Here is my proof, but it seems a bit too easy, so it would be great if somebody could check if it is correct.
Let $u_k \rightarrow u$ in $X$. The set $M:=\{\phi(u)\;|\; \phi :X \rightarrow \overline{\mathbb{R}} \; \mathrm{is \; l.s.c. \; and} \; \phi \leq F\}$ is a family of l.s.c. functions, because every $\phi \in M$ is l.s.c. Then for every $\phi \in M$ we obtain: $\phi(u) \leq \liminf \; \phi(u_k) \\ \leq \liminf \; \sup \{\phi(u_k)\;|\; \phi :X \rightarrow \overline{\mathbb{R}} \; \mathrm{is \; l.s.c. \; and} \; \phi \leq F\} = \liminf \; sc^-F(u_k).$
Because this is true for every $\phi \in M$ it is also true for the supremum of all $\phi$ in $M$ (at this point I'm not really sure if it is correct) an we get
$\sup\{\phi(u)\;|\; \phi :X \rightarrow \overline{\mathbb{R}} \; \mathrm{is \; l.s.c. \; and} \; \phi \leq F\} = sc^-F(u) \leq \liminf \; sc^-F(u_k)$.

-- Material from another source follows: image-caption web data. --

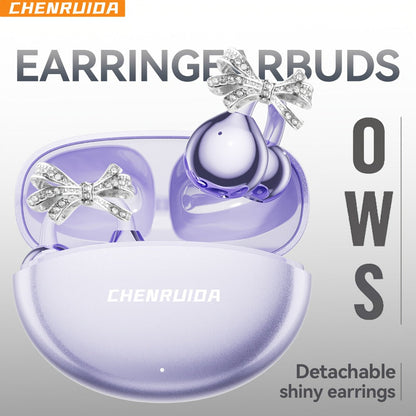 Butterfly Earring Wireless Earphones Open-Ear AI Translation HD Calls Touch Control for Bedside Audio, Alarms and Room Entertainment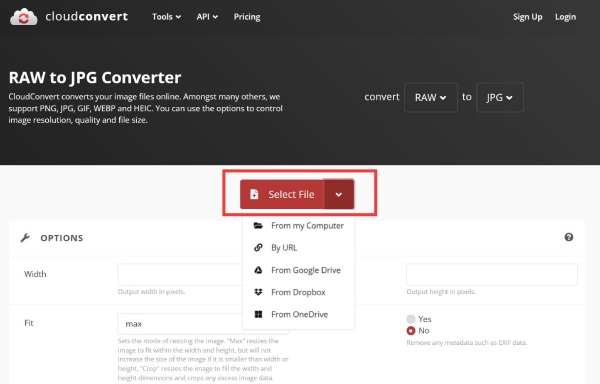 Importera fil Cloudconvert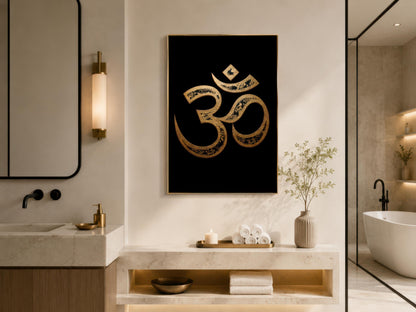 Om Symbol Wall Art – Gold Black Canvas | Spiritual Meditation Room Painting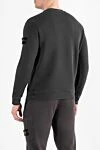 Gray men's cotton sweatshirt with Compass patch Stone Island - brand logo. 100% cotton. Country of manufacture: Italy. Care: specialized cleaning - photo 4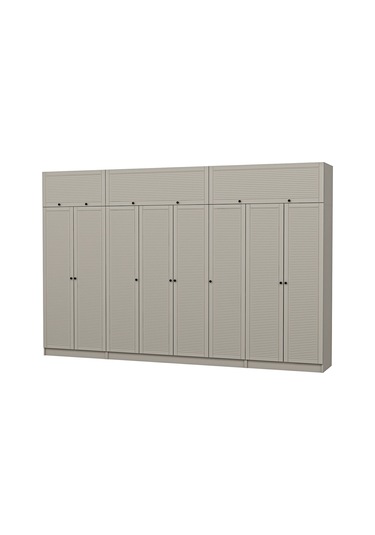 Kale 8 Mebran Panjur Kapaklı 2 Çekmeceli Dolap Ve Yüklük Kumtaşı 235cm Bej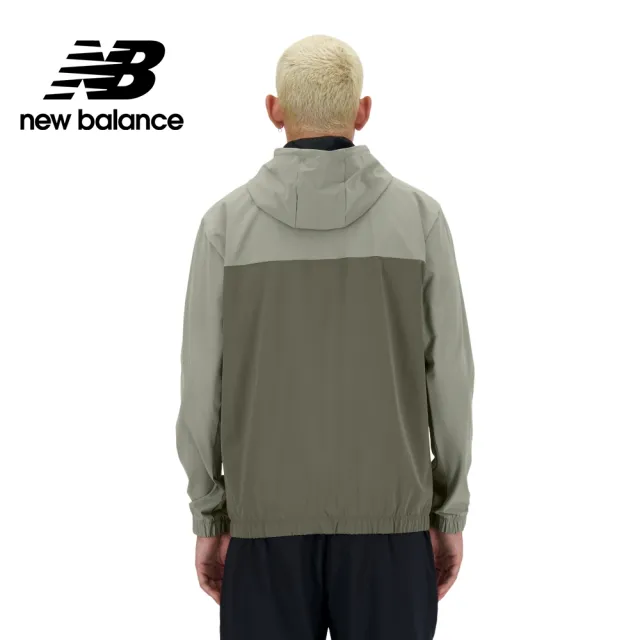【NEW BALANCE】NB 拉鍊機能風衣外套_男性_綠色_MJ41018DEK(美版 版型偏大)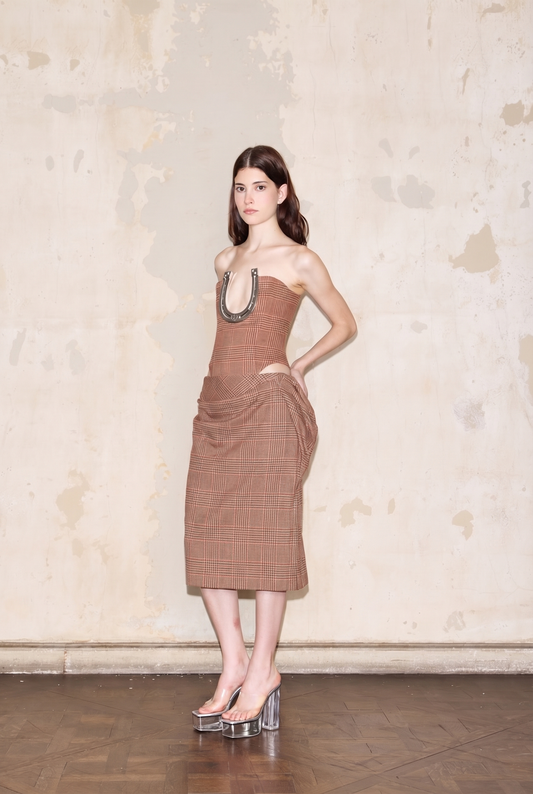 FREYRE SKIRT PRINCIPE DE GALES ROJO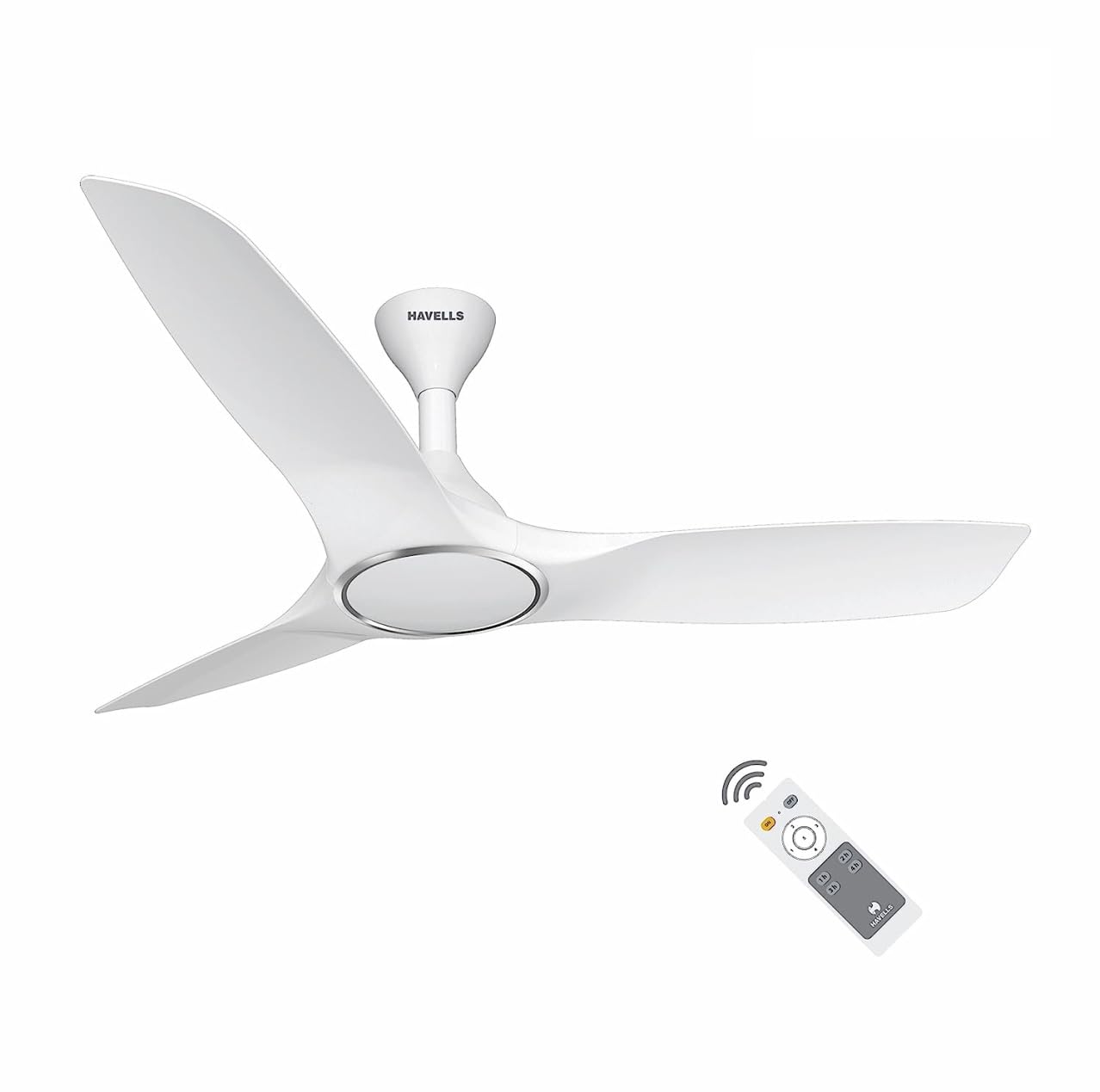 Havells 1200mm Stealth Air BLDC Motor Ceiling Fan | Remote Controlled, High Air Delivery Fan | 5 Star Rated, Upto 60% Energy Saving, 2 Year Brand Warranty | (Pack of 1, Pearl White)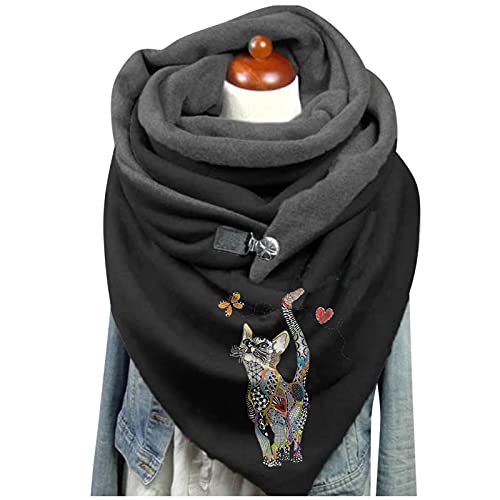 Écharpe Triangle Femme Hiver Chaud Noir Foulard Femme Soldes Echarpe Marque Femme Echarpe A La Mode Femme Foulard Tube Femme Chauds d'automne d'hiver Imprimé L'Écharpe Confortable De Double Couche-A Cover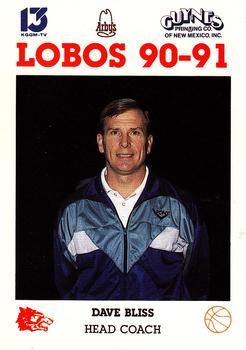 1990-91 New Mexico Lobos #3 Dave Bliss Front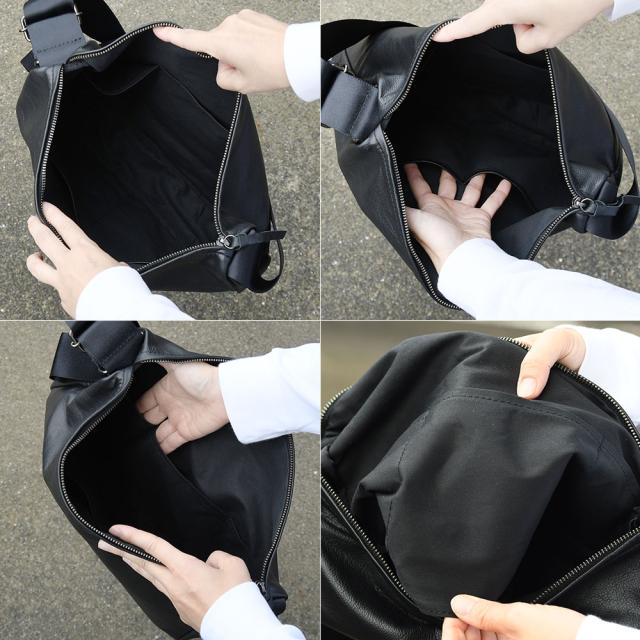 A4サイズ対応 ワイドストラップショルダーバッグ スクエアショルダー -LESS PREVAIL レスプリベイル メンズ レディース 日本製 斜め掛け 肩掛け 本革 姫路レザー Less Design レスデザイン 撥水加工 ユニセックス シンプル サステナブル B4ギリギリ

So the envelope of $F$ is l.s.c.
It is correct but the notation can be improved:
Here I strongly suggest to choose different variables for $\phi$ inside the set (or outside). For example:
$ \liminf \phi(u_k) \leq \liminf \; \sup \{\psi(u_k)\;|\; \psi :X \rightarrow \overline{\mathbb{R}} \; \mathrm{is \; l.s.c. \; and} \; \psi \leq F\} = \liminf \; sc^-F(u_k).$